On the flat as it will tighten the roofing to the sheeting or purlin. If you put the screw in the ridge you will have no way to gauge how much you flatten the ridge at each screw which will change how each sheet lays, often this will cause the overlap not to properly cover the previous sheet. I made the mistake once, always put screws in the flat after. The building with screws in the ridges leaks, those on the flat don't leak.
 
Pick up the phone and call the metal manufacturer. They will likely tell you to put the screws in the flats, with a minimum of 1" thread in the wood. They will also likely recommend 1/2" insulation board under the metal. They'll even tell you how to cut the metal. It won't cost you anything for this expert advice.
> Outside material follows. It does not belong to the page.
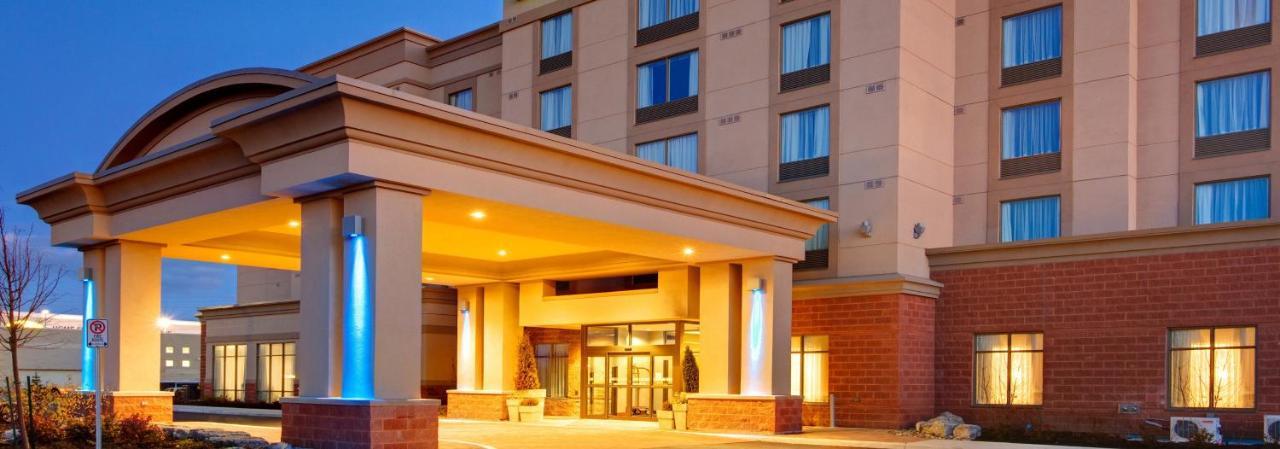 Newmarket Hotel And Suites Экстерьер фото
They want your metal roof to be something that you will be proud of and something that you will speak highly of for many years to come.
 
My old aluminum barn roof was nailed on the ridges and was leaking. I pulled nails and put a dab of high quality sealant in the hole and replaced the nail with a screw seems to be working but I have more to do. RJT
 
Some manufacturers will also change their fastening requirements depending on the pitch of the roof. And the panel profiles offered for different pitches.
 

My experience with 30 years of having metal roofs on my house barn and shop is that the metal expands and shrinks in the heat and cold and that continuous flexing over time causes the holes to get slotted and the screw does not cover the hole anymore or the rubber sealing washer breaks and disappears and/or the screws working loose with wind action, the longer the roof slope the worse it gets.Bigger sealing washers than what comes on the screws are not to be had anywhere.
Either way regardless of where you put the screws( on the flats still works the best) there will be leaks in a few years and it can't be avoided.
Metal roofs are certainly not fool proof no matter what the salesman claims.
I have to go on my roofs every year or so to replace screws that are gone or missing the rubber washer and I find plenty that have worked loose.

My 2 cents
 
We get 24 gauge steel for material. Then we screw it in the ribs. Never in the flats if you don't want a leak. I have had steel roofs on things for over 50 years with few issues. Big thing is that 29 gauge stuff is junk from the beginning. Only used that on 1 roof and have regretted it since. My brother has a building with it screwed on the flats and leaks like a sieve. I need to go pull the screws out in the leaks then put new screws in on the ribs with a sealer on the holes on the flats. Not sure how successful that will be. I think it has a new steel roof in the future coming.
 

It appears to me that there is already a trend away from metal roofs except for standing seam. I feel sorry for seniors who get talked into a metal roof for their home, so that they won't need to worry about it for the remainder of their time there, then get leaks after 5-6 years and can't afford to get it replaced.